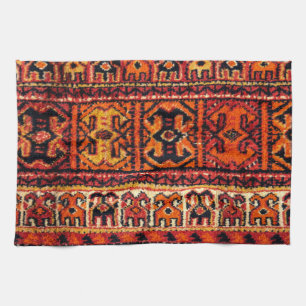 Image of a vintage carpet. Impressive texture Tea Towel
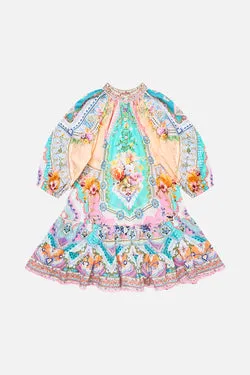 KIDS SHIRT MINI DRESS WITH PUFF SLEEVE CROCHET ALL DAY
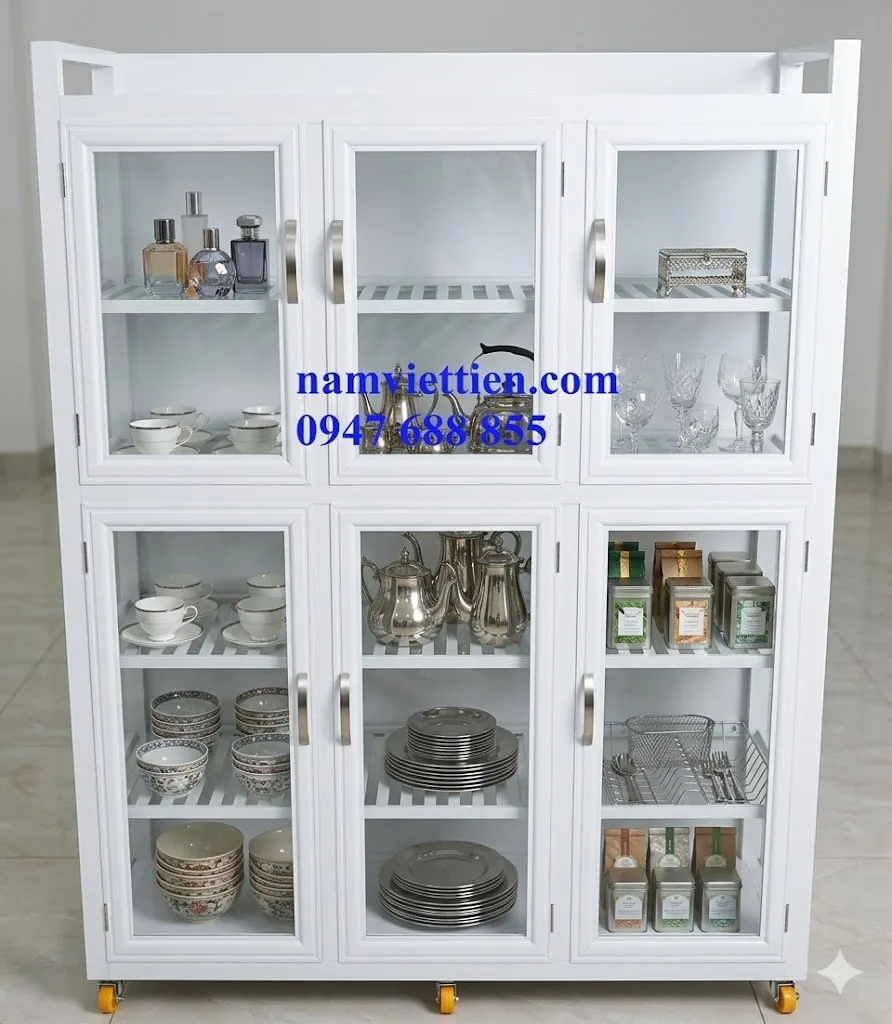Tủ đựng chén nhôm kính cường lực cao cấp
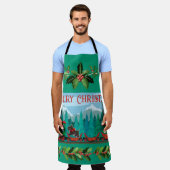 Vroege kersttrein schort (Gedragen)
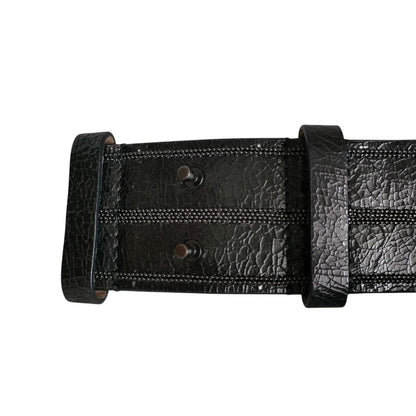 Brunello Cucinelli Monile Leather Belt Black — view 7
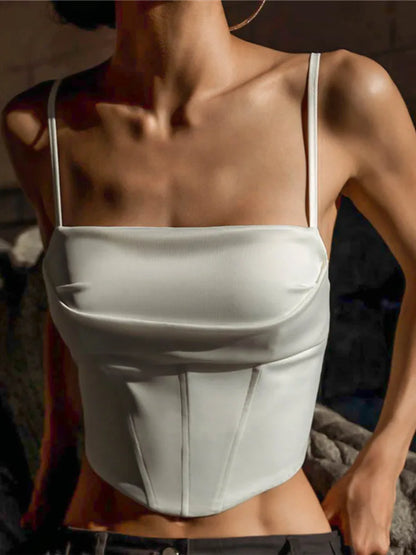 Dozw Backless Bandage Crop Top Sexy Spaghetti Strap Women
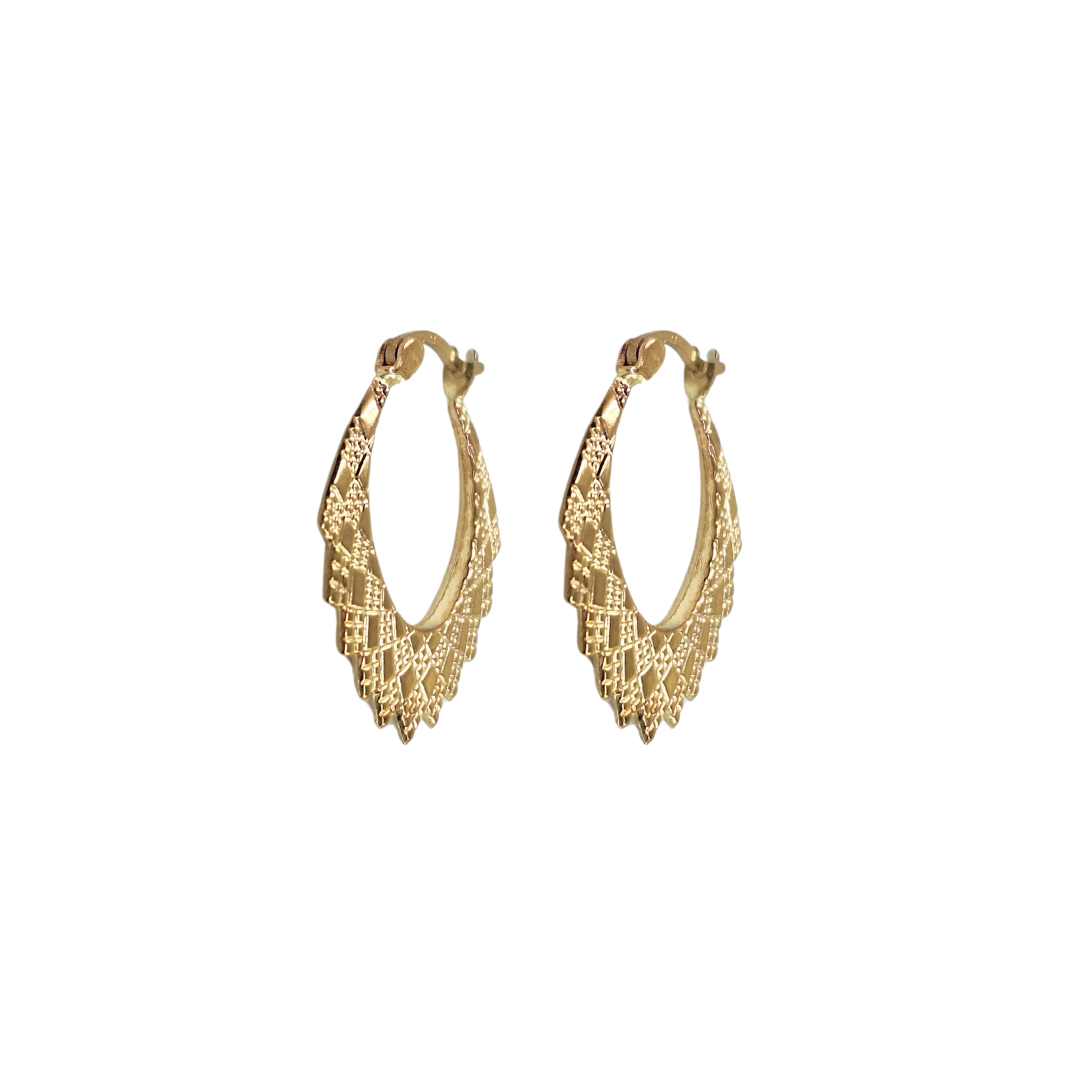 9ct Yellow Gold Oval Patterned Creole Earrings
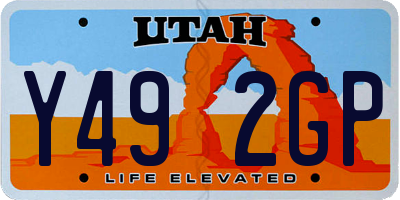 UT license plate Y492GP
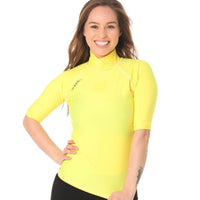 Short Sleeve Rashvest Womens, Adult - yellow front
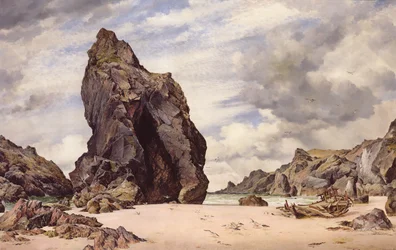 Steeple Rock, Kynance Cove, Lizard, Cornwall, marée basse, 1873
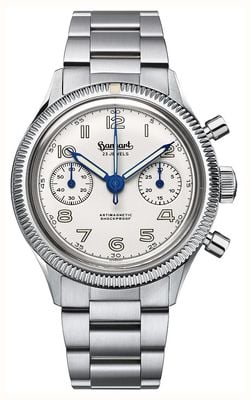 Hanhart 417 es moby dick (39mm) biała tarcza / bransoleta ze stali nierdzewnej H701.202-6428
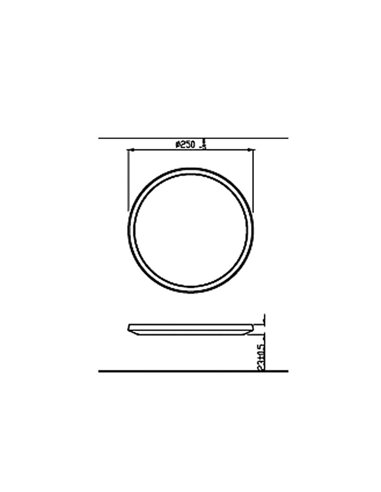 Plafón de Techo SUPERSLIM 15W, negro 2700K 1300Lm, regulable, estanco al agua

=-=-=

Task item> Every line of the data should be transcribed exactly. Omit the images.

Answer for the task>
 Image of a vintage carpet. Impressive texture Tea Towel
 KIDS SHIRT MINI DRESS WITH PUFF SLEEVE CROCHET ALL DAY
Tủ đựng chén nhôm kính cường lực cao cấp
 Vroege kersttrein schort (Gedragen)
 Brunello Cucinelli Monile Leather Belt Black — view 7
 Dozw Backless Bandage Crop Top Sexy Spaghetti Strap Women
 9ct Yellow Gold Oval Patterned Creole Earrings
 UT license plate Y492GP
 Short Sleeve Rashvest Womens, Adult - yellow front
 Steeple Rock, Kynance Cove, Lizard, Cornwall, marée basse, 1873
 Hanhart 417 es moby dick (39mm) biała tarcza / bransoleta ze stali nierdzewnej H701.202-6428
 Plafón de Techo SUPERSLIM 15W, negro 2700K 1300Lm, regulable, estanco al agua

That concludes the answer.